| Records supplied |
= = = = = = =

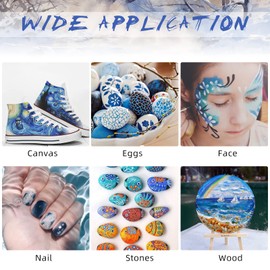 Paint Brushes Set 10 PCS Nylon Hair Paint Brushes for Acrylic Oil Watercolor Gouache Painting Face Paint Brushes for Children and Adults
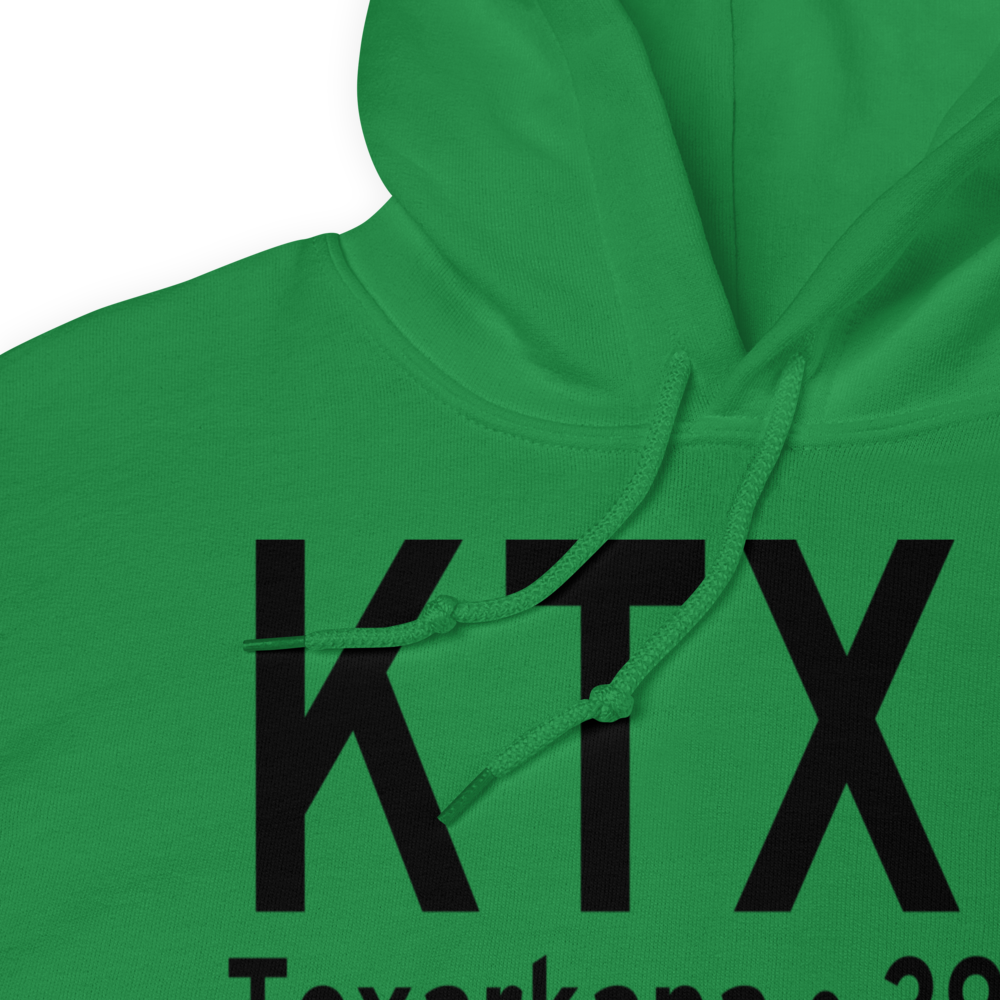 Texarkana Regional Webb Field (KTXK) ICAO Hoodie Sweatshirt 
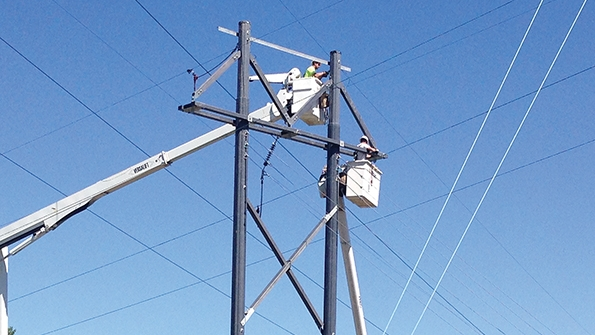 Ameren Illinois new pole design
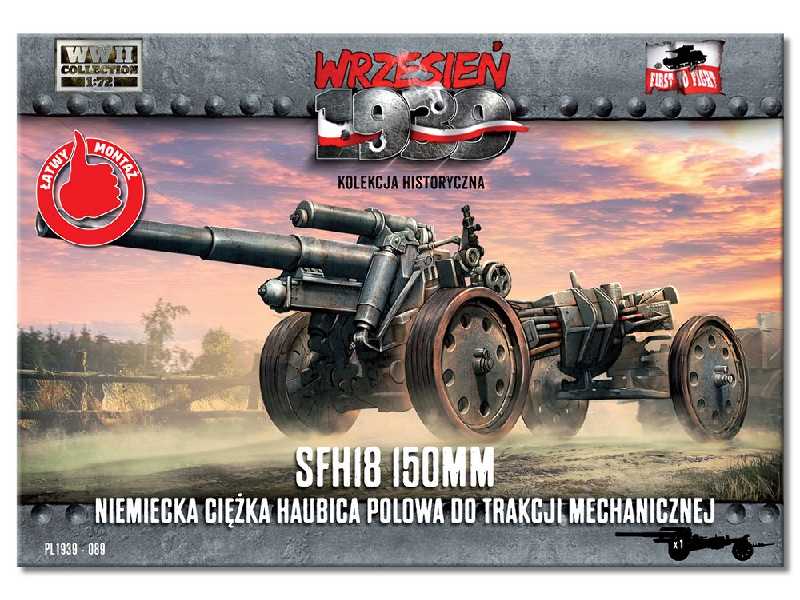 Niemiecka ciężka haubica polowa 150 mm sFH 18 do trakcji mechanicznej - zdjęcie 1 Niemiecka ciężka haubica polowa 150 mm sFH 18 do trakcji mechanicznej - zdjęcie 1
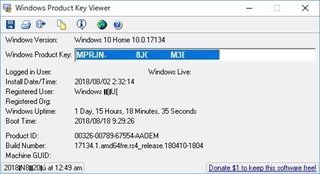 Windows Product Key Viewer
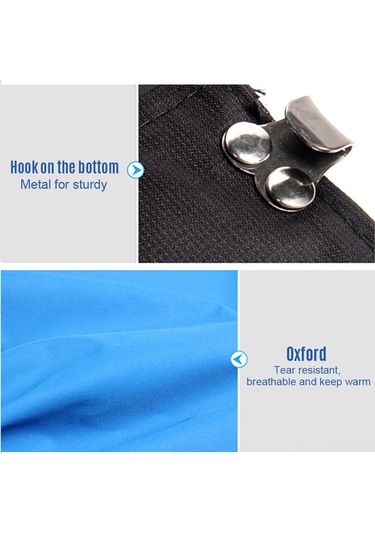 Dofolink Uzun Kollu Outdoor Askı Gaiterleri: Su Geçirmez Oxford Kumaş, Islak Ve Toz Koruma, Kayak-trekking-tırmanma İçin Siyah Erkek Kadın Diğer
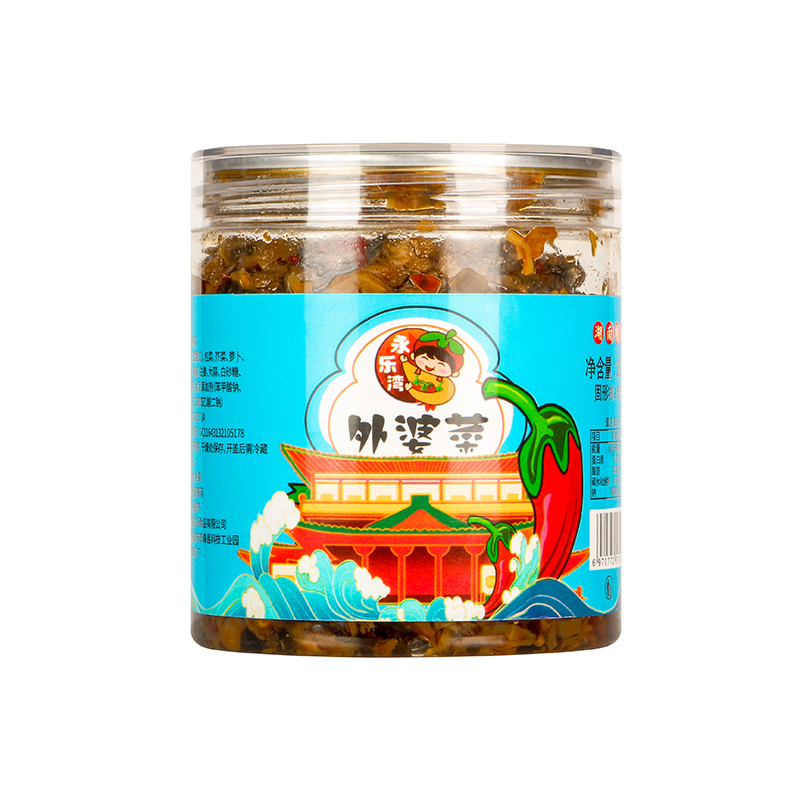 永樂(lè)灣湘西外婆菜開(kāi)胃下飯菜腌菜香辣醬菜咸菜臘肉梅干菜瓶裝即食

= = = = = = =

| What to work on |
In the material above, repeat each entry exactly and omit every picture.

| Solution to this problem |
 Paint Brushes Set 10 PCS Nylon Hair Paint Brushes for Acrylic Oil Watercolor Gouache Painting Face Paint Brushes for Children and Adults
 Texarkana Regional Webb Field (KTXK) ICAO Hoodie Sweatshirt 
 Ameren Illinois new pole design
 Niemiecka ciężka haubica polowa 150 mm sFH 18 do trakcji mechanicznej - zdjęcie 1 Niemiecka ciężka haubica polowa 150 mm sFH 18 do trakcji mechanicznej - zdjęcie 1
 Windows Product Key Viewer
 Dofolink Uzun Kollu Outdoor Askı Gaiterleri: Su Geçirmez Oxford Kumaş, Islak Ve Toz Koruma, Kayak-trekking-tırmanma İçin Siyah Erkek Kadın Diğer
 永樂(lè)灣湘西外婆菜開(kāi)胃下飯菜腌菜香辣醬菜咸菜臘肉梅干菜瓶裝即食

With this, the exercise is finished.